Wednesday, December 31, 2008

Yet again

So, I hope none of you are trying to win the laptop in the giveaway over at "Confessions of a Pioneer Woman" because I am clearly going to win it. And someday I'll have a blog that can give away a laptop on NYE, too.

OK, maybe not.

But so far so good in the pre-New Years make-over in my head.

I had planned to whip up a fancy organization system in my closet, which turned out to be much more messed-up that I had thought. Hmmmm, wonder what else is more messed up than I thought it was. Maybe, you know, my HEAD!? Probably.

Love that metaphor. The deep storage in my closet and in my head. Messed-up. But a work in progress.

It turned out that I only have one pair of serviceable socks in an entire woman-sized basket full of socks. And I also have fifty times more skirts than I thought I did. Who knew? Now all the hole filled socks are awaiting execution and the skirts are hanging, breathlessly waiting to be worn in the new year, I am ready for the launch to a tidy and organized closet. It seems that often I stood in the stuffed closet with the lament "I have nothing to weaaaarrrrr!" Now, I have some things to wear. And I know what fits. And I know that eating those french fries is really a lose-lose situation. So, I'm making progress.
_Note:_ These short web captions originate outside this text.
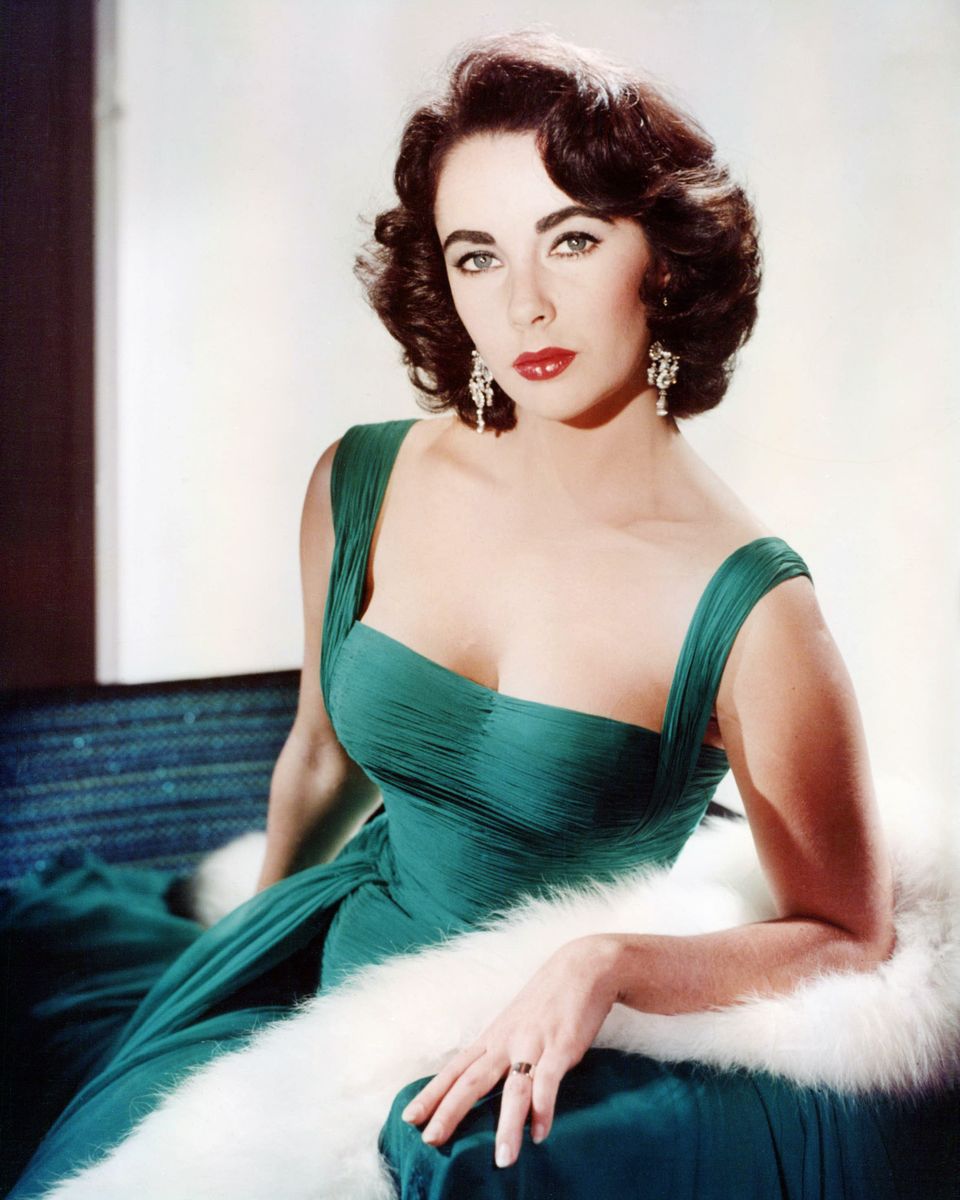 Elizabeth Taylor wearing a green sleeveless low-cut dress, with a white fur wrap on the arm of the armchair, circa 1950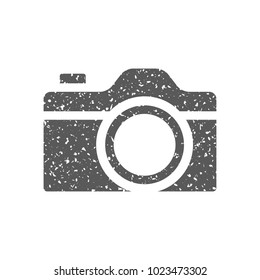 Camera icon in grunge texture. Vintage style vector illustration.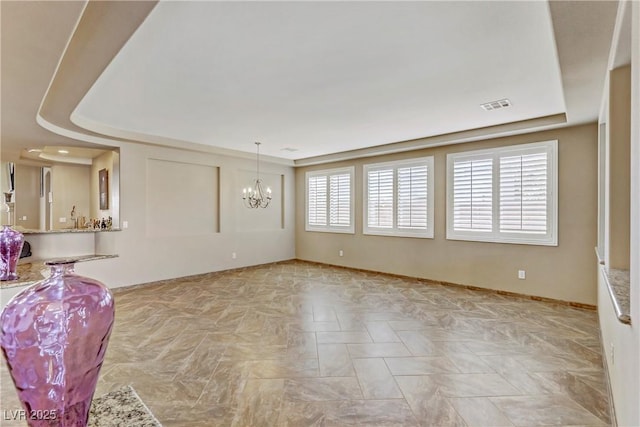unfurnished living room with baseboards, visible vents, and an inviting chandelier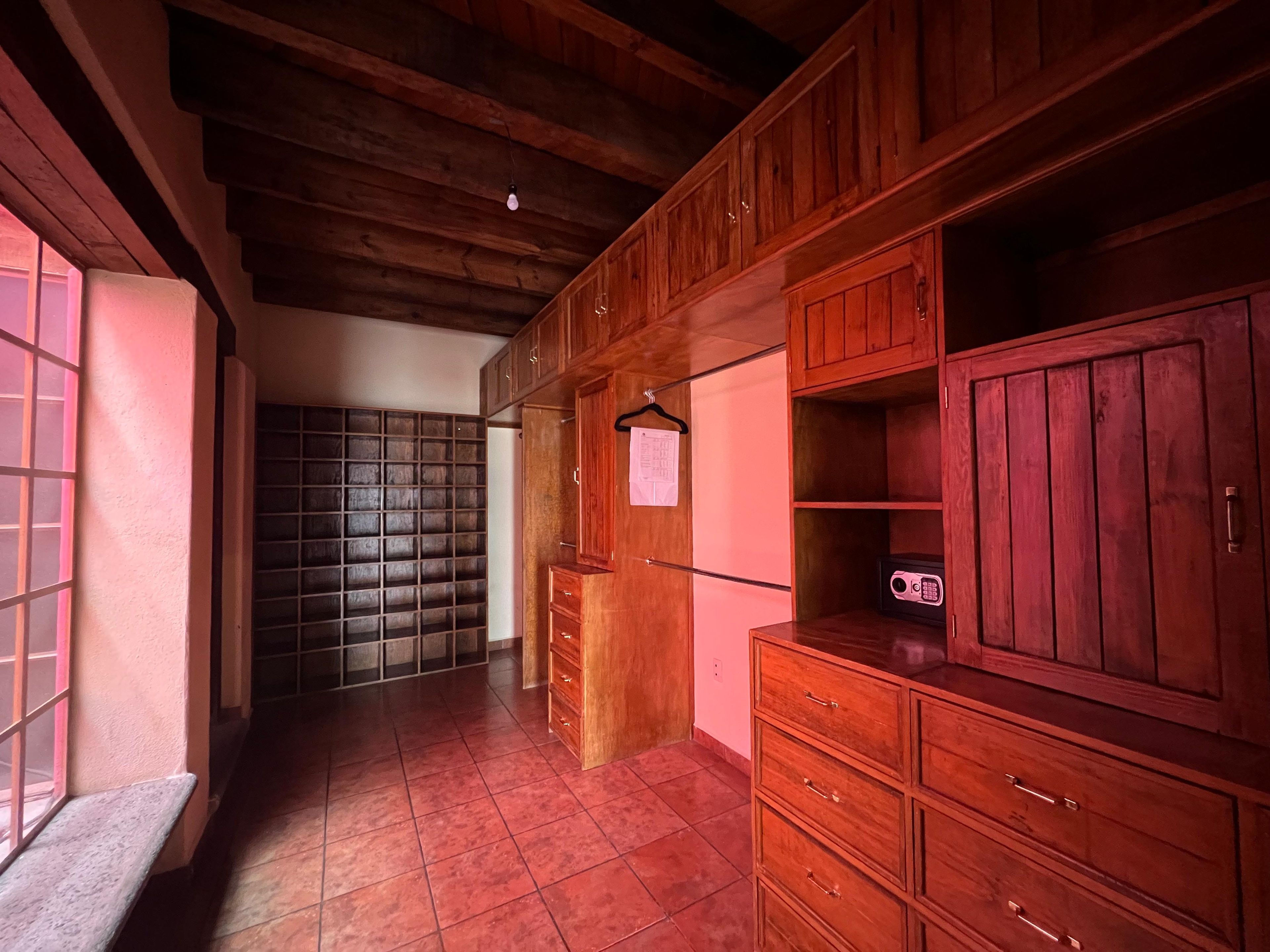 Um corredor com armários de madeira, piso ladrilhado e um banco.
Tonight we're eating dinner and then heading to our friends' house. I really am looking forward to the new year. And I'm astonished at how fast time goes. Can it really be nine years since we all celebrated the turn to 2000? Can I really be the mother of three young men? Can it really be possible to let go of the attachment I have to food? Maybe. The teenagers are all there, it really will be 2009 very soon and I keep getting older no matter HOW many of those fancy lotions I buy. Nope nope nope. So, might as well accept all true things as, well, you know. True.

I have no resolutions. I want to be real and love the people I love and stand up for the things I love and be who I mean to be. Nothing new. Just trying to come home, though I've broken my vows a thousand times, yet again, to come home.